I even tried with the to_bam()
method, but it fails as well due to TypeError: to_bam() takes exactly 1 argument (2 given)
:
out = bs.bam.BamWriter("filteredBam.bam", 'wb')
for read in bam:
qual = read.query_qualities
if all(q >= 10 for q in qual):
read.to_bam(out)
Thank you for bringing this up. This has been an ongoing feature addition for BAMnostic. For transparency's sake, I will shine a light on the issue.
Taking a read from one BAM file and writing it to another is the simplest case of a write function. This is because BAMnostic can just use the read's original unmodified bytes and just "transplant" them.
However, many users may want to create (and/or modify) a read. This is where a write function gets complicated. In this event; the read sequence, quality scores, and CIGAR string have to be re-validated for quality control reasons. Then the whole read has to be recompressed into bytes.
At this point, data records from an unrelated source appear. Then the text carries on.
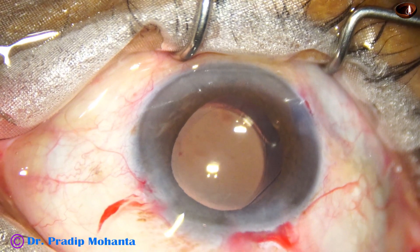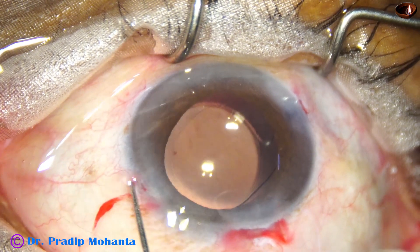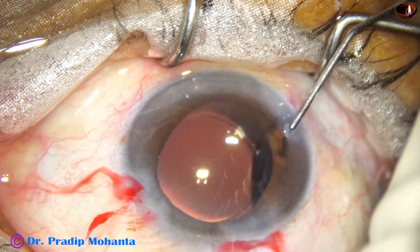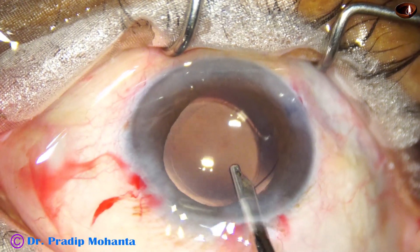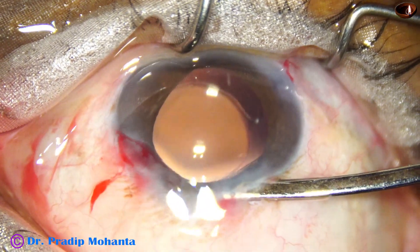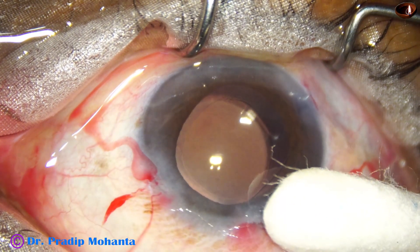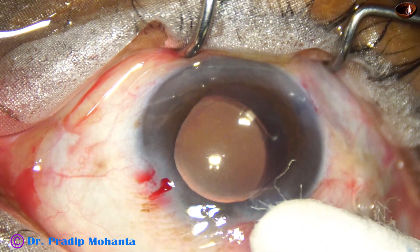This is moxifloxacin being instilled. The side port is closed and now a final lavage of the anterior chamber is done. Though this patient used Tamsulosin, because we pre-chopped the nucleus we could not make out that there is floppy iris. If we don't pre-chop, the iris keeps coming out while chopping and managing the nucleus. Thank you very much for your attention — hope this video will help you in managing such cases.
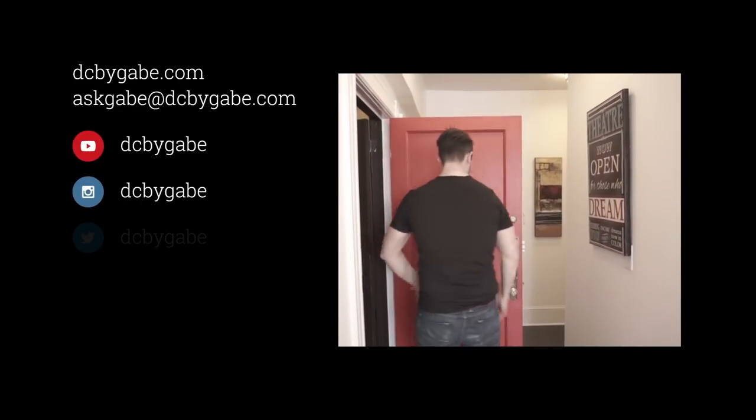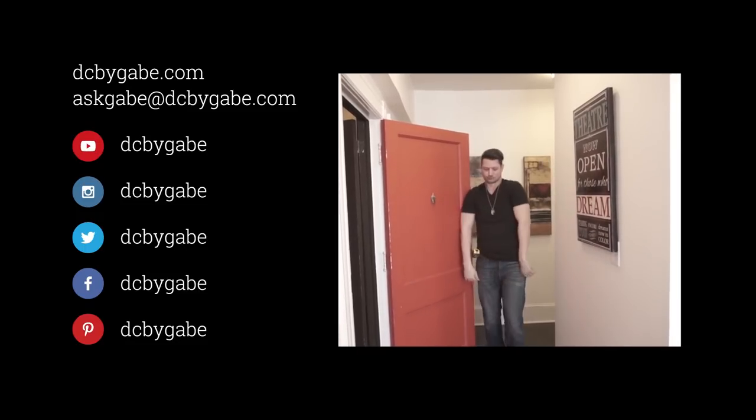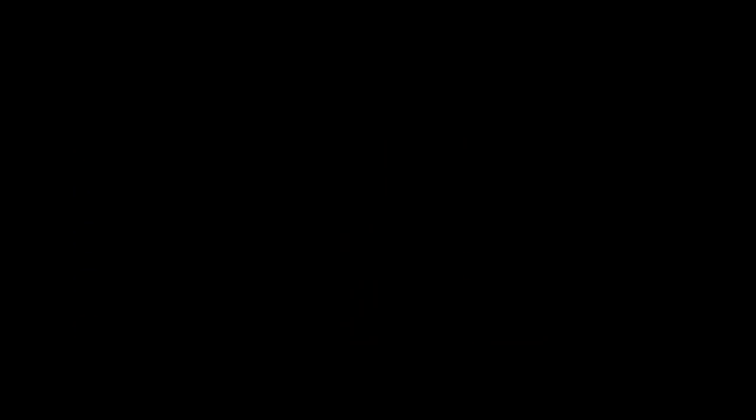Thanks for joining us today. We want to build this show the way that you want us to, so send all your design and construction questions to askgabe@dcbygabe.com and don't forget to follow us on Instagram, Twitter, Facebook, and YouTube — all that stuff. And remember, enjoy your home.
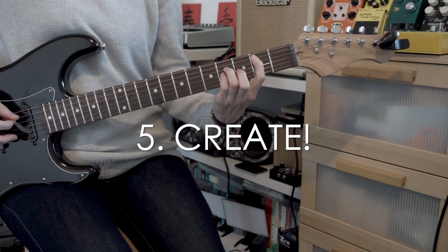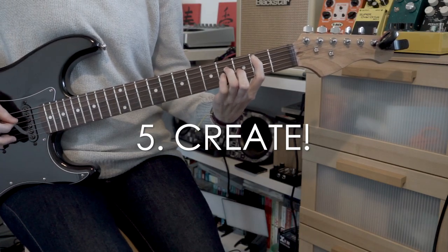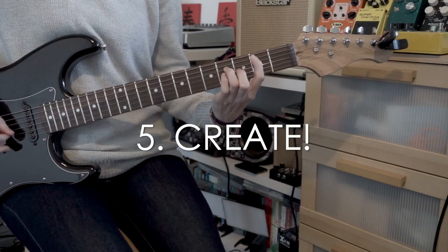The fifth and final tip for setting up to record — this is the best part. Creativity time. You just noodle around and work out what chords or riffs you want to play.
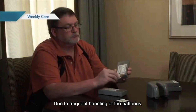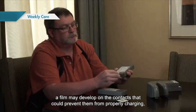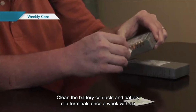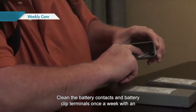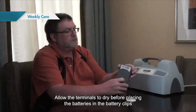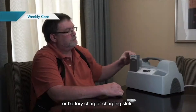Due to frequent handling of the batteries, a film may develop on the contacts that could prevent them from properly charging or working properly unless regularly cleaned. Clean the battery contacts and battery clip terminals once a week with an alcohol-moistened swab or lint-free cloth. Allow the terminals to dry before placing the batteries in the battery clips or battery charger charging slots.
This is why BAMnostic only had very minimal features for writing out to BAM files (https://github.com/betteridiot/bamnostic/issues/5) and wasn't developed with that in mind.
However, a number of colleagues have asked for this feature set. Due to this new interest, a version should be pushed out within the next 1-2 weeks that will have this feature added.
I apologize for the inconvenience.
To be clear, what you wrote should have worked, but BAMnostic has some bugs that are making it not. It's not you, it's me.